Escapes cost the company £30,000, suicides £10,000 and non-fatal self-harm £716

THE government fines security giant G4S more money when migrants escape from its Brook House detention centre than when they die in its care, a new report has revealed.

Escapes cost the company £30,000, but deaths are valued at a fraction of that figure. There is only a £10,000 fine for suicides “involving any failure by G4S to follow procedures” and a £716 penalty for non-fatal self-harm.

The figures were published by the National Audit Office (NAO) today as part of its investigation into the G4S-run Brook House detention centre near Gatwick.

While the £10,000-per-suicide figure was disclosed at a freedom of information tribunal in 2015, the escape fine had not been revealed because of extensive objections from the Home Office.

But the NAO gained unprecedented access to G4S financial data after undercover filming exposed shocking conditions at Brook House, including use of excessive force and abusive language by guards.

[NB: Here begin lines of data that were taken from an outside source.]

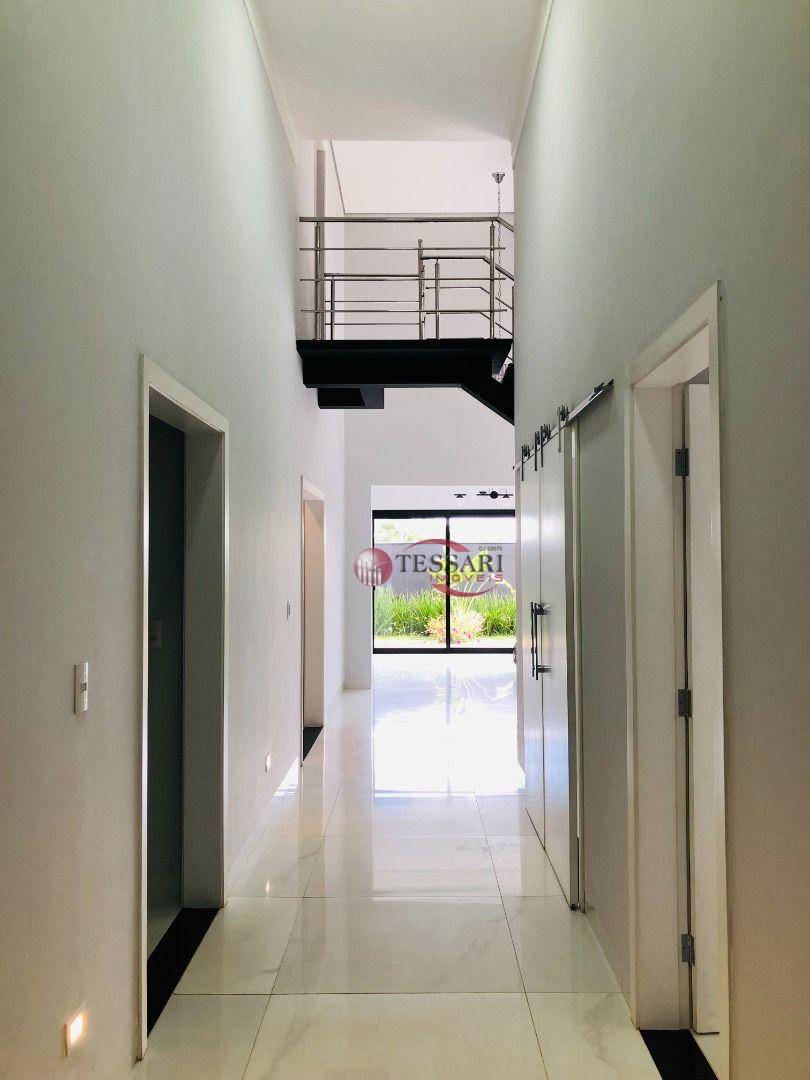 Casa para alugar com 5 quartos, 450m² - Foto 3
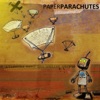 Paper Parachutes EP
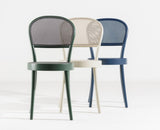 No. 314 Bentwood Chair (Cane or Mesh Seat and Back) by Ton - Bauhaus 2 Your House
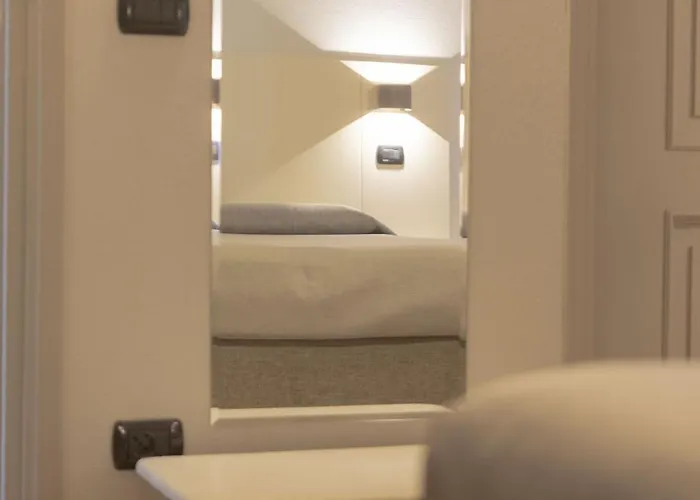 Fior Di Farine Oda ve Kahvaltı La Morra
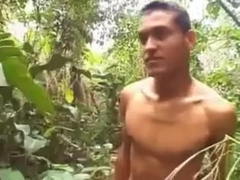 Twice in the Jungle 2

The auditors revealed that G4S had profited over £14 million from the running of Brook House between 2012 and 2018, sparking outrage from Labour.

Shadow home secretary Diane Abbott said: “It is utterly perverse that millions are made from the undignified and inhumane conditions human beings are living in under G4S-run detention centres.

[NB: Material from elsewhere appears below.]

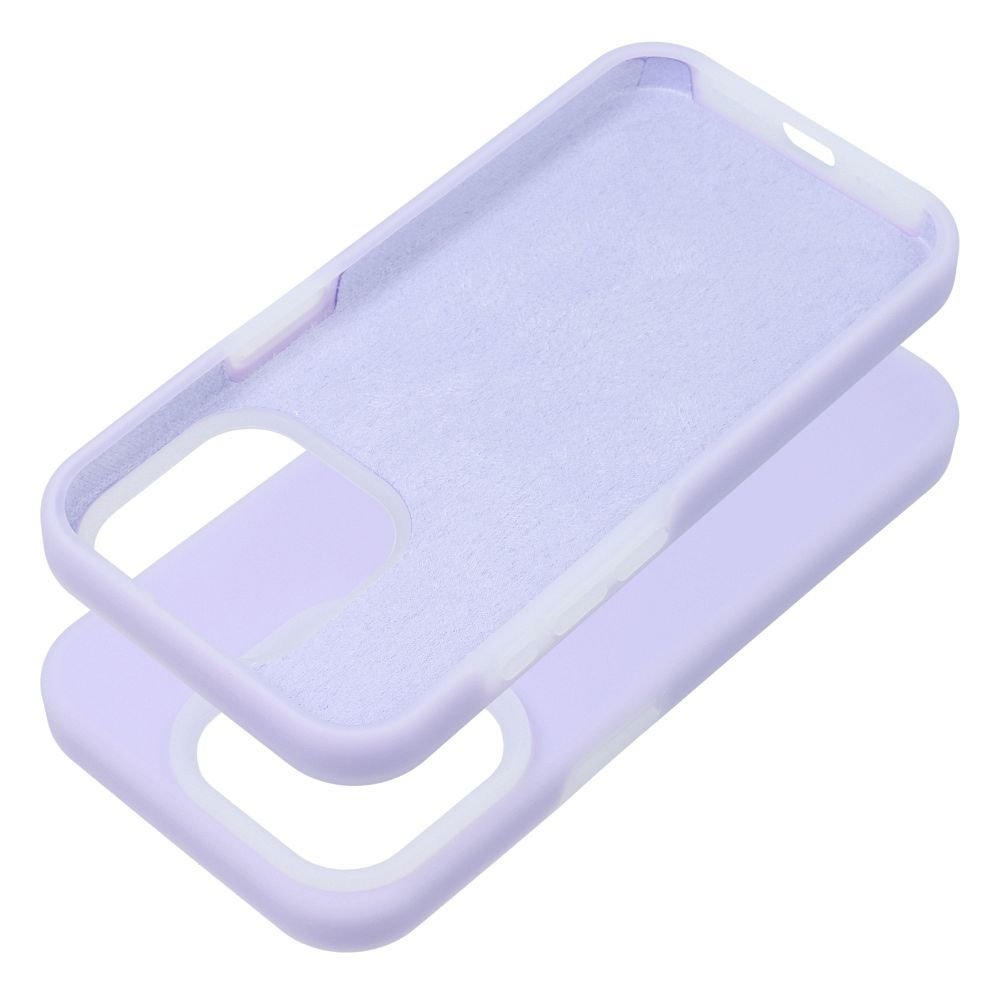 Case for iPhone 11 Pro Max Candy Case purple | Tech A Break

“This Tory government has a disgraceful record of putting profits before people.

“Labour in government will close down both Yarl’s Wood and Brook House, end indefinite detention and review the entire immigration detention system.”

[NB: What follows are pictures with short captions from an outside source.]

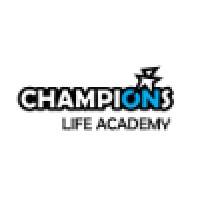 Champions Life Academy logo - Similar company to Virtualmerchants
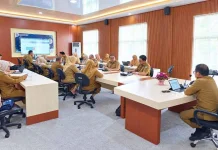 DKP Perkuat Sinkronisasi Belanja Modal, Pemeliharaan dan Optimalisasi Aset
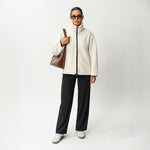 Height: 170 cm | Size: S / Height: 5'7" | Size: S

The profit figures have also outraged lawyers representing detainees who were paid just £1 per hour to perform essential work while held in centres such as Brook House.

Philip Armitage, a lawyer at Duncan Lewis solicitors, told the Morning Star: “The National Audit Office’s findings are truly shocking. 

“Our clients were working in immigration detention for a maximum £1 an hour rate of pay at the same time that contract providers such as G4S were making millions from running the detention centres.

“Paying detainees £1 an hour to, for example, clean their own detention centre must be creating huge savings in the cost of external cleaners.” 

Mr Armitage said the Court of Appeal had granted permission last week for a challenge to the £1 per hour pay scheme, adding that he looked forward to “further judicial scrutiny of this disgraceful practice.”